“Mataram a Cotovia”, Harper Lee
“Mata quantos corvos quiseres, se os conseguires apanhar, mas lembra-te: é pecado matar uma cotovia.”
Outro clássico do qual estava cansada de ouvir falar sem nunca ter lido. Teve de ser. Tive-o na minha mesa-de-cabeceira durante algum tempo, à espera do momento em que o poderia ler sossegada, sem ter de me preocupar com os outros livros que por razões académicas forçosamente tenho de ler. Veio no momento certo. Foi uma lufada de ar fresco depois de tantos livros que tinha cuidadosamente de ler. Valeu decerto a espera.

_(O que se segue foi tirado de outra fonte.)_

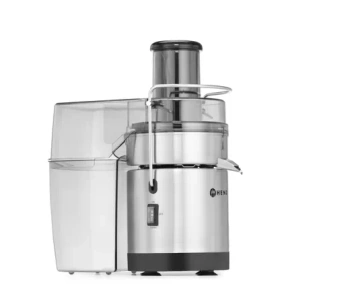 Extracteur de jus Vito, Kitchen Line, argenté, 230V/240W, 350x200x(H)400mm | HENDI 219881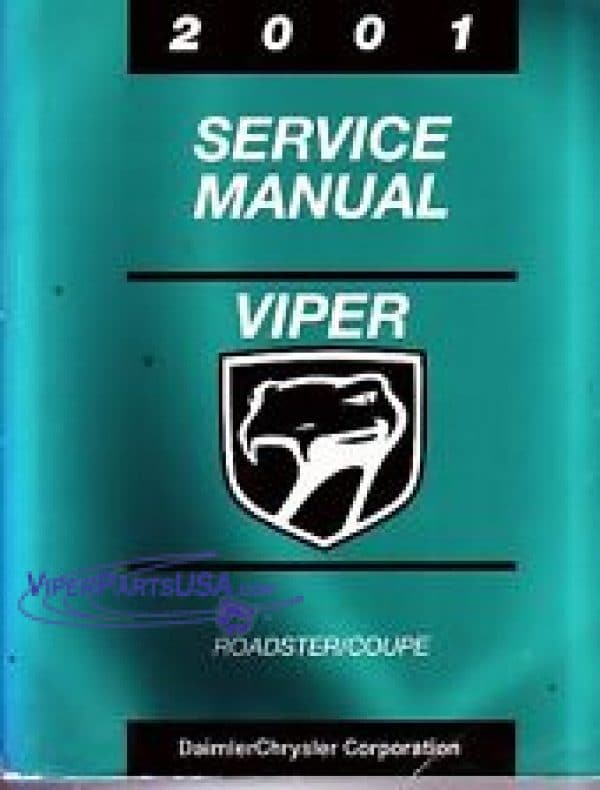 Special Tools & Repair Manuals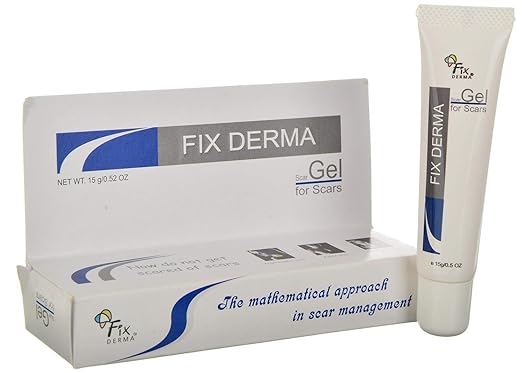 Fixderma Scar Gel 15ml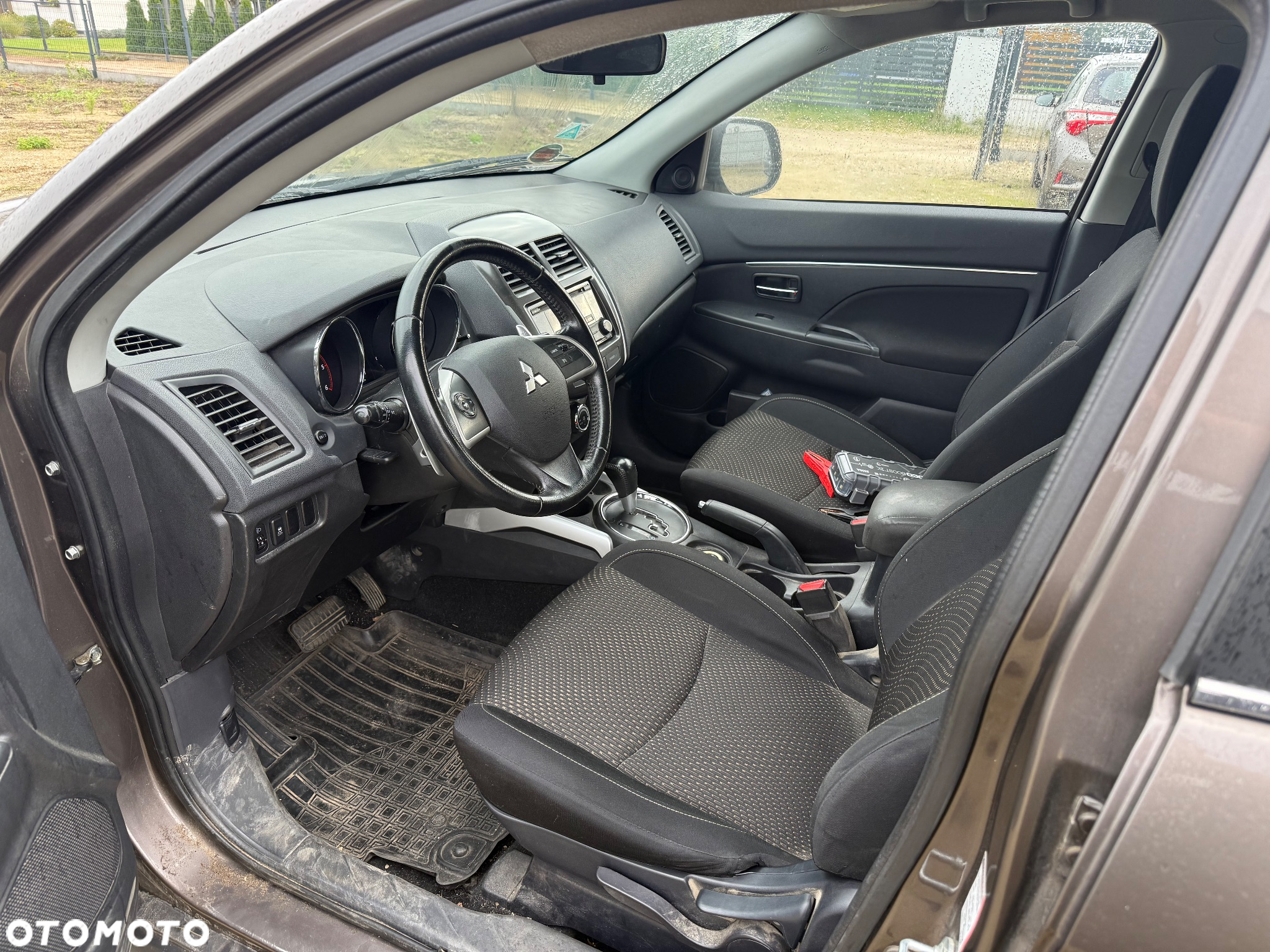 Mitsubishi ASX 2.2 DI-D 4WD Automatik Diamant Edition - 14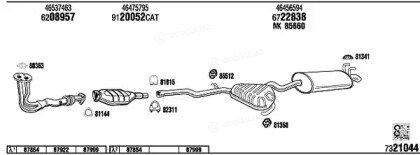 Walker / Fonos FI71018A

Mataram a Cotovia, considerado um dos mais importantes clássicos do século XX, rendeu a Harper Lee o prestigiado prémio Pulitzer em 1961. A história passa-se nos anos 30, e é contada pelo ponto de vista de Jean Louise “Scout”, uma menina sensível de 12 anos, filha do advogado Atticus Finch. Scout vai contando os acontecimentos que presencia na cidade de Maycamb no interior do Alabama. Tudo parece pacato até o seu pai ser nomeado pelo juiz da cidade como advogado de defesa de Tom Robinson, um homem negro, acusado de violar Mayella, uma mulher branca.
Mataram a Cotovia aborda temas controversos como o racismo, o preconceito social, e o conformismo. São controversos ainda hoje, imagine-se na altura da publicação. O que achei mais notável foi tudo ser contado de um ponto de vista infantil, que nada vê de errado, e que para tudo procura resposta.

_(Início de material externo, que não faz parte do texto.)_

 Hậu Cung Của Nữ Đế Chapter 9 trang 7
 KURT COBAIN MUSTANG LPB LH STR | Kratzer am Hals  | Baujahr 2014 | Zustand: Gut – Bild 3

Para além da trama de Robinson, temos os típicos dramas caseiros. A educação “correta” que um “pai exemplo” tenta dar aos seus filhos, órfãos de mãe. O mistério de um vizinho que nunca se deixa ver, mas que aparece no momento certo. As injustiças do sistema judicial. Os dramas da vizinhança. A vida no geral.

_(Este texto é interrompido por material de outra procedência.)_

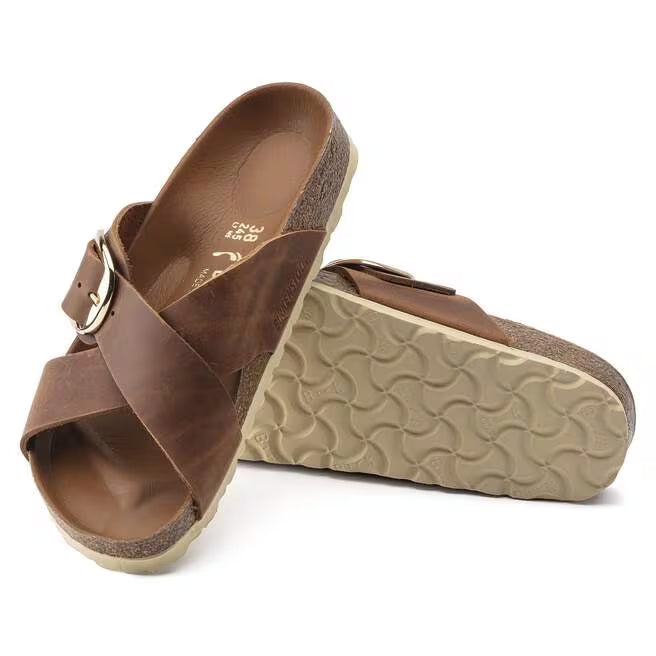 W Siena Big Buckle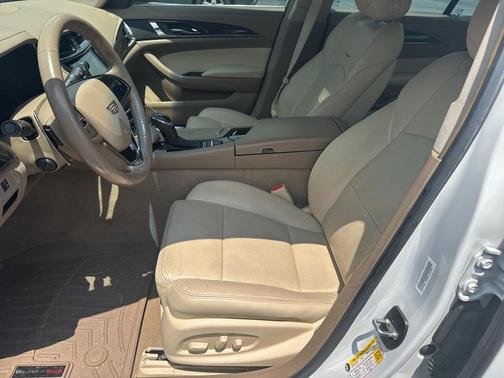 2016 Cadillac CTS 2.0L Turbo Luxury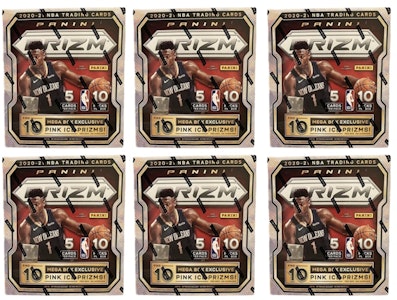 20-21 Prizmメガ箱(ピンクアイス) 6個セット
Buy 20-21 Prizmメガ箱(ピンクアイス) 6個セット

É impossível dissecar aqui todas as metáforas do livro mas acho que não podemos fugir à principal – a cotovia. A certo ponto, Atticus explica a Scout que ela podia matar quantos gaios (corvos) quisesse, mas que era pecado matar uma cotovia. Porquê? A resposta chega mais tarde pela boca de Miss Maudie: a cotovia é inocente. Uma cotovia não destrói jardins, não faz ninhos em sítios inoportunos, tudo o que faz é cantar para nos agradar. A cotovia representa a inocência. Então porquê Mataram a Cotovia ou em inglês To Kill a Mockinbird (“Matar a cotovia”)? Simples. Porque é o que se passa no livro. A cotovia, a inocente cotovia, que tanto pode ser Tom, como a justiça, ou a inocência em si, morre - é assassinada. Vivemos num mundo onde o pecado ganha, e a inocência perde, assassinada pela sociedade, pelos seus preconceitos e valores.
Se querem a minha opinião acho que este livro devia estar em todas as listas de “obrigatórios a ler”. Sobretudo para as crianças e jovens. Não sei se uma criança entenderá as metáforas que lhe subjazem no momento de leitura, mas um dia vai entender. E é disso que precisamos. Nunca nos podemos esquecer que os livros que lemos moldam quem somos. Os livros que uma sociedade consome moldam-na igualmente. Este livro é moral e como tal, deve e tem de ser lido.
Não acho que tenha ou deva aqui dizer, “vá ler este livro”, porque acho que não preciso. Mataram a Cotovia é um livro com o qual todos nos deparamos a certo ponto da nossa vida. Acho que está tão intrínseco no mundo literário que quem lê com alguma frequência não lhe escapa. E ainda bem.